THE TASK: Find "S-Tetris Gameplay (DOS)" in the entries below; copy that line through the last, exactly, with no pictures.

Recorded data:
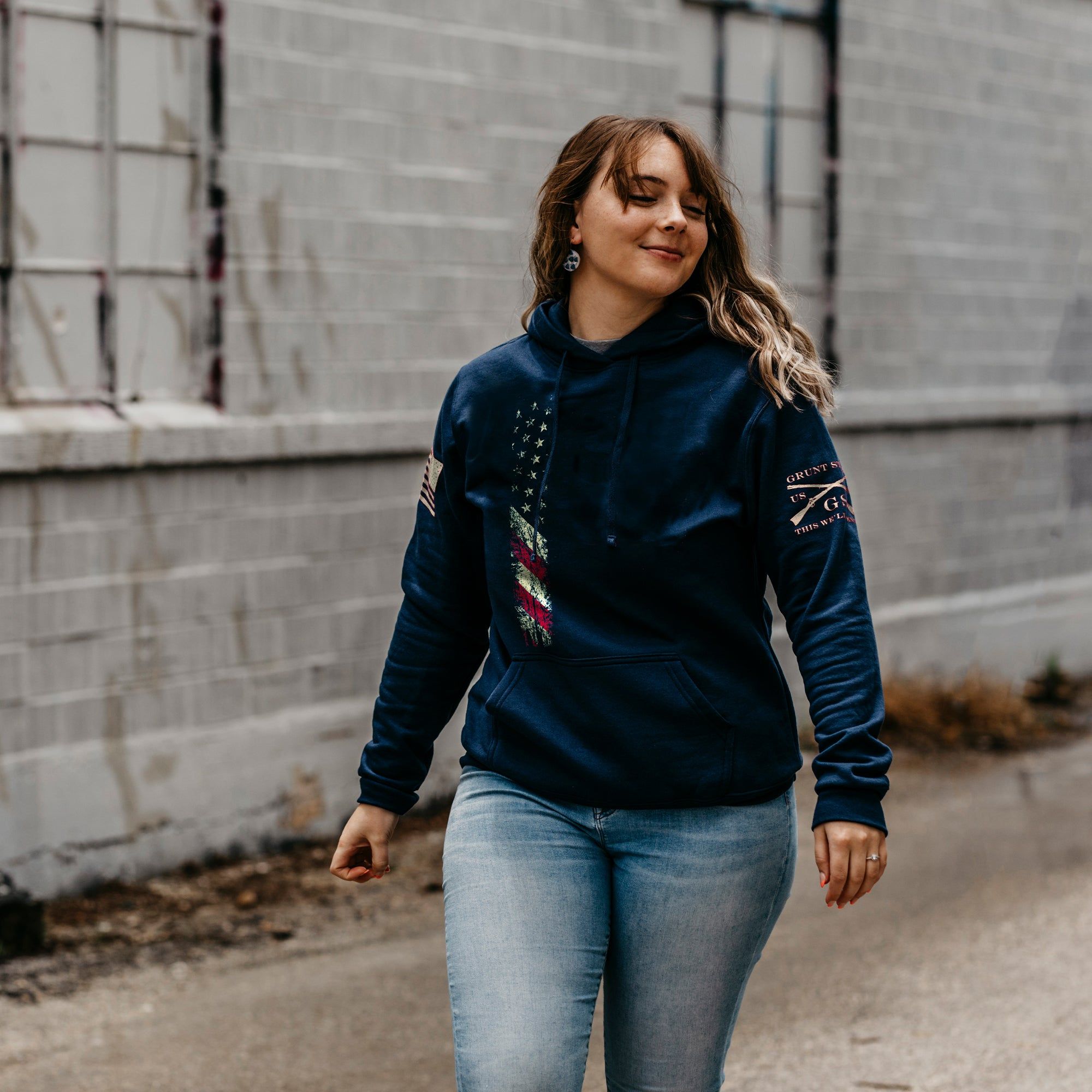 Women's True Colors Hoodie - Navy sold by Grunt Style product image thumbnail 2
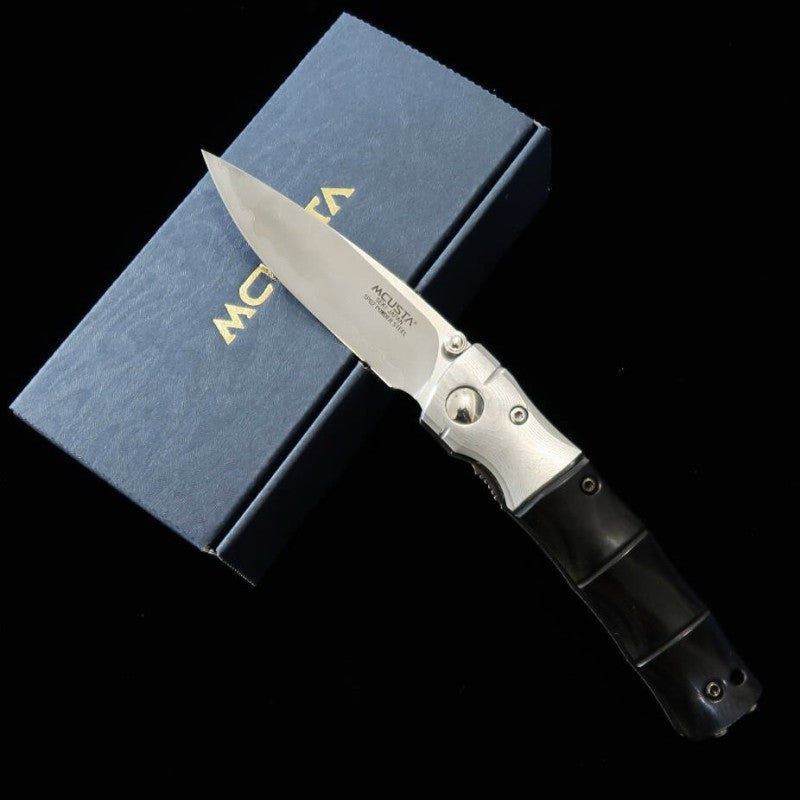 MCUSTA Shinra Mixture MC-0146G - Bambú - SG2 - Mango de pakkawood negro (71 mm)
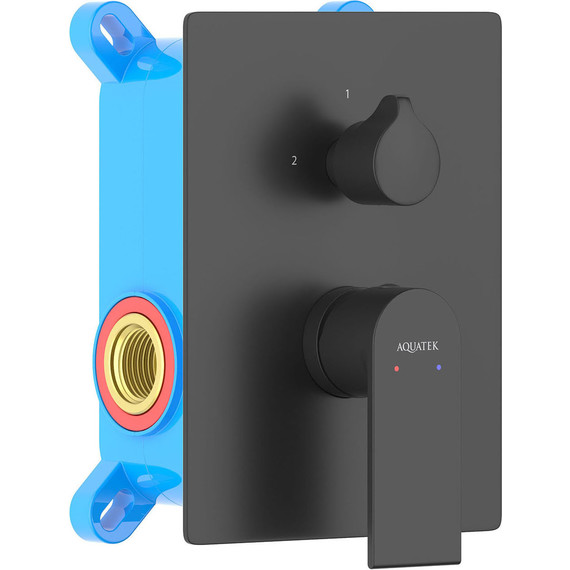 Смеситель для ванны Aquatek Лира AQ1446MB (со скрытой частью) чёрный матовый, Цвет производителя: чёрный матовый - фото 2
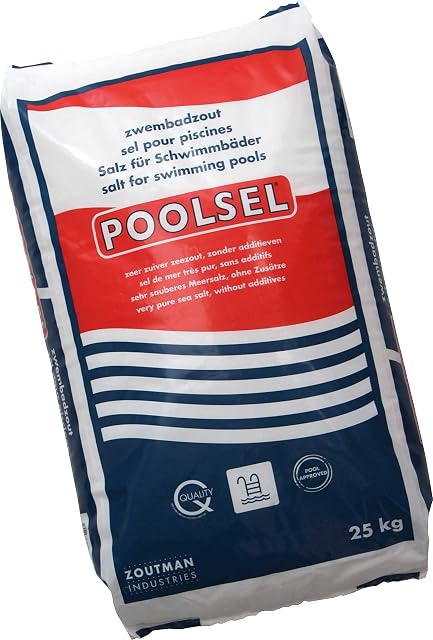 Sal de piscina well2wellness, un saco de veinticinco kilos de sal de vacío para electrólisis salina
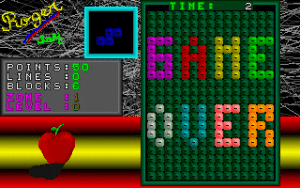 S-Tetris Gameplay (DOS)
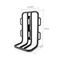 Rockbros 33210010001 front bicycle shelf for bicycle fork - black - Smartphone Holders - Smartphones - Techbox
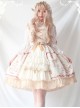 Alice Girl Lolita Chandelier Handle Lace Ruffled Open Jsk Sling Dress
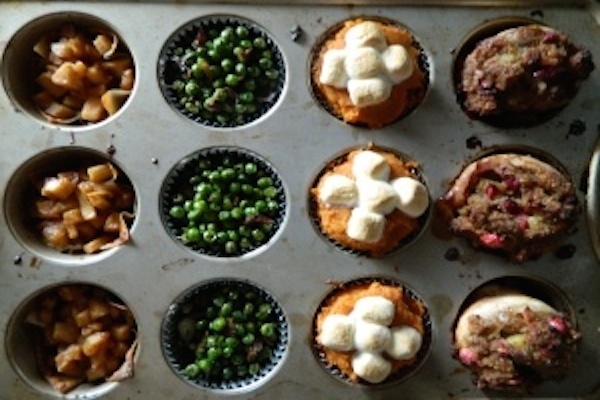 Turkey Dinner in a Muffin Pan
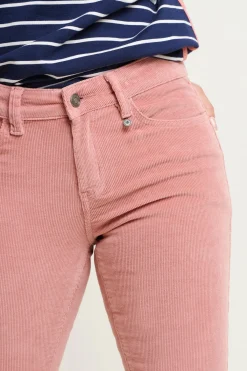 Brakeburn Cord 5 Pocket Trousers Pink Best Sale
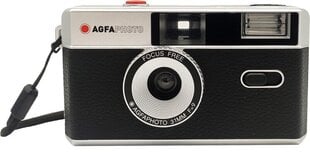Agfaphoto analoogkaamera 35mm, must hind ja info | Kiirpildikaamerad | hansapost.ee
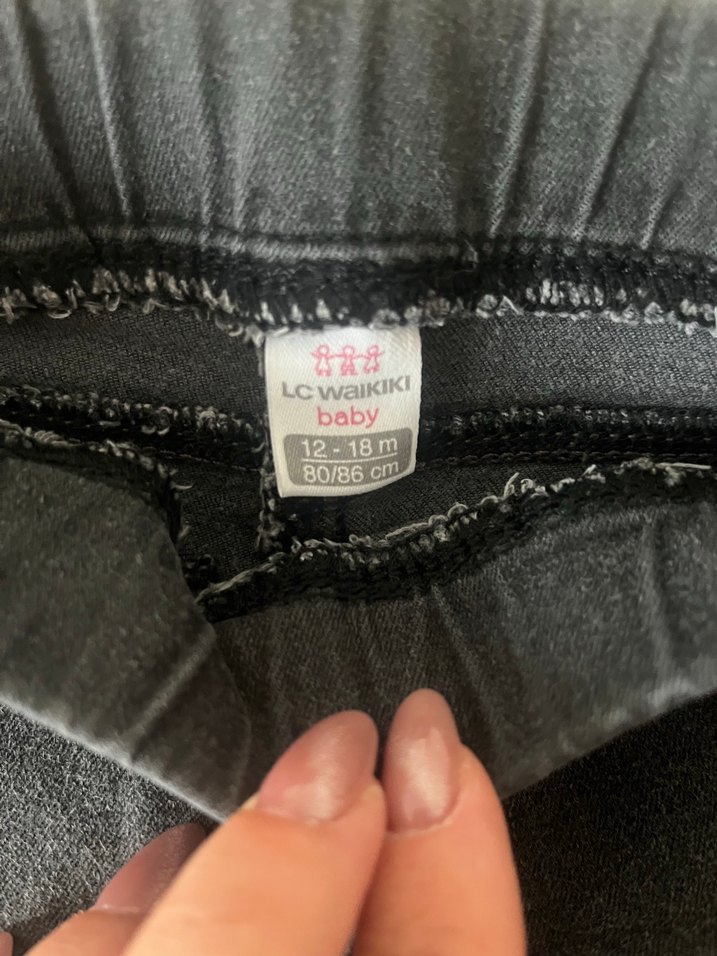 Çocuk Gri Denim Pantolon - Görsel 2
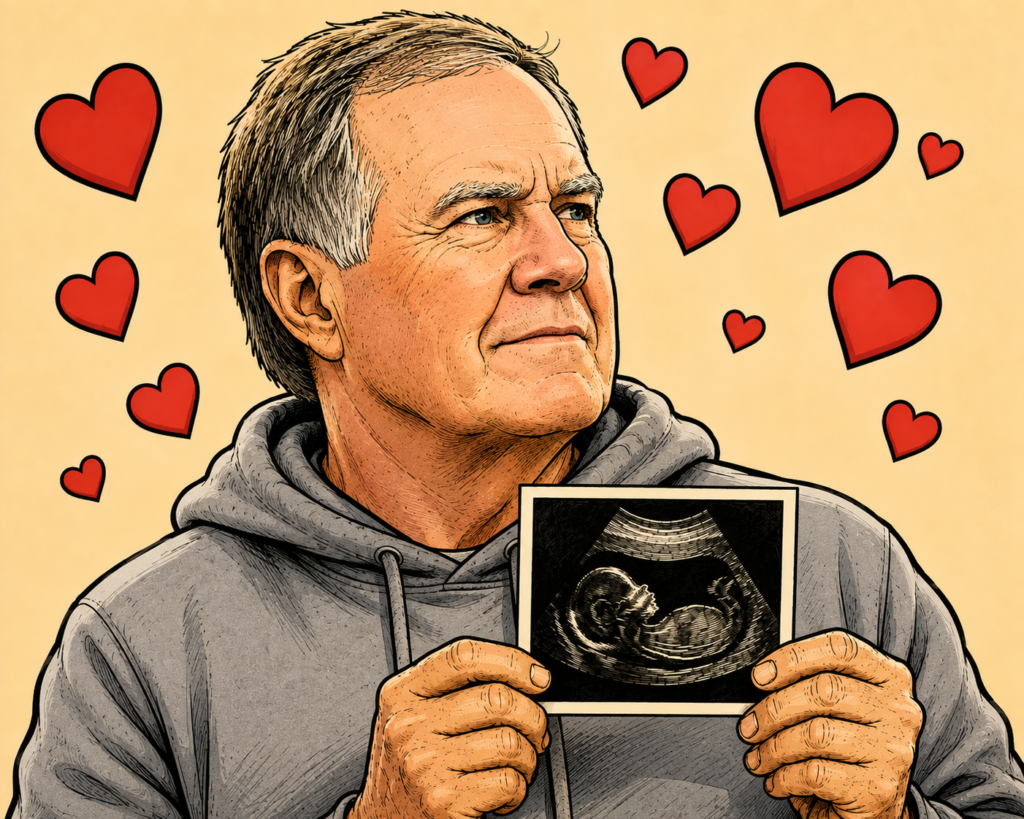 Bill Belichick’s New Girlfriend So Young She Hasn’t Been Born Yet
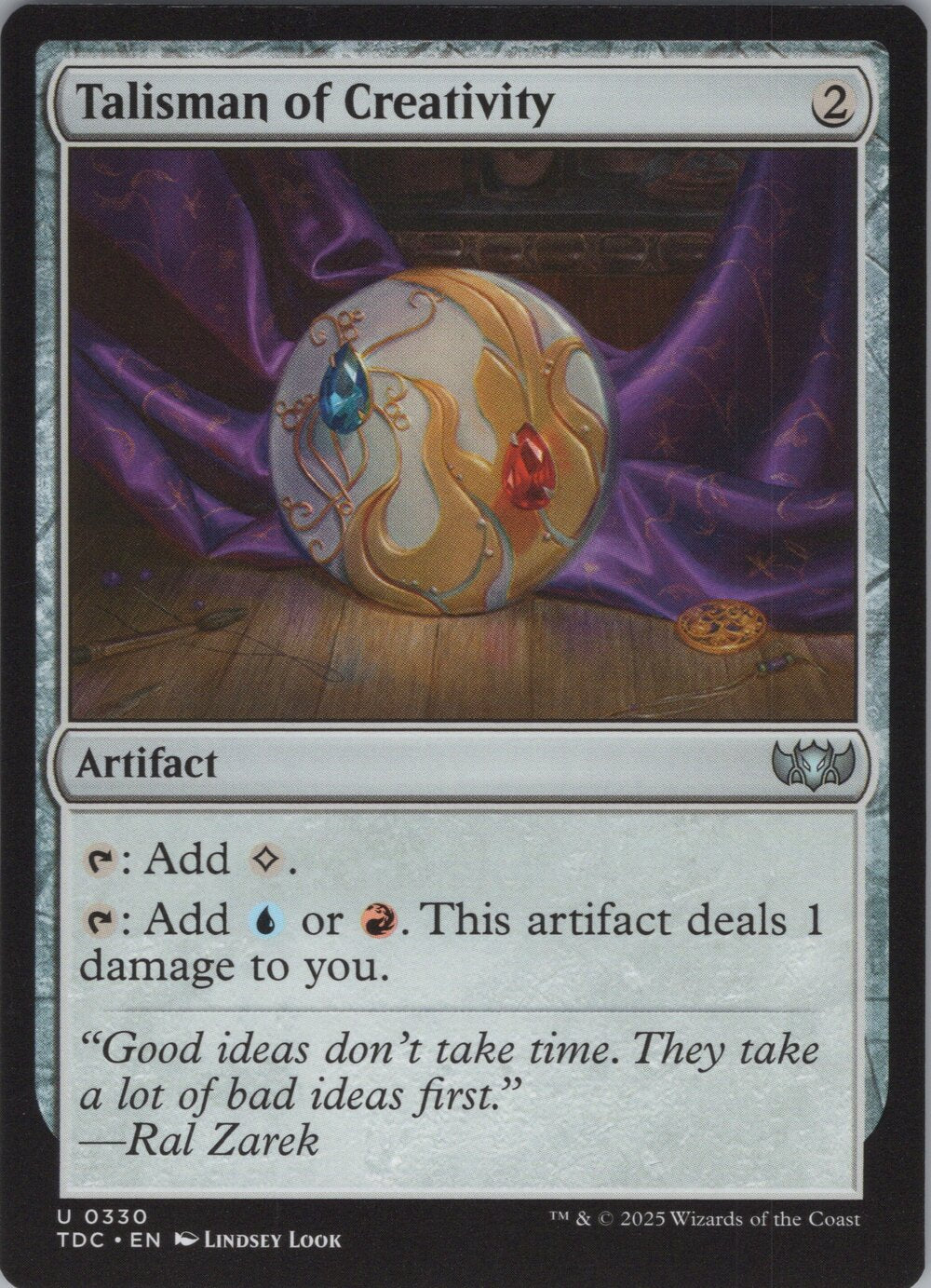 Talisman of Creativity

YOUR SOLUTION:
 S-Tetris Gameplay (DOS)
 Rockbros 33210010001 front bicycle shelf for bicycle fork - black - Smartphone Holders - Smartphones - Techbox
 Alice Girl Lolita Chandelier Handle Lace Ruffled Open Jsk Sling Dress
 Turkey Dinner in a Muffin Pan
 Brakeburn Cord 5 Pocket Trousers Pink Best Sale
Agfaphoto analoogkaamera 35mm, must hind ja info | Kiirpildikaamerad | hansapost.ee
 Çocuk Gri Denim Pantolon - Görsel 2
 Bill Belichick’s New Girlfriend So Young She Hasn’t Been Born Yet
 Talisman of Creativity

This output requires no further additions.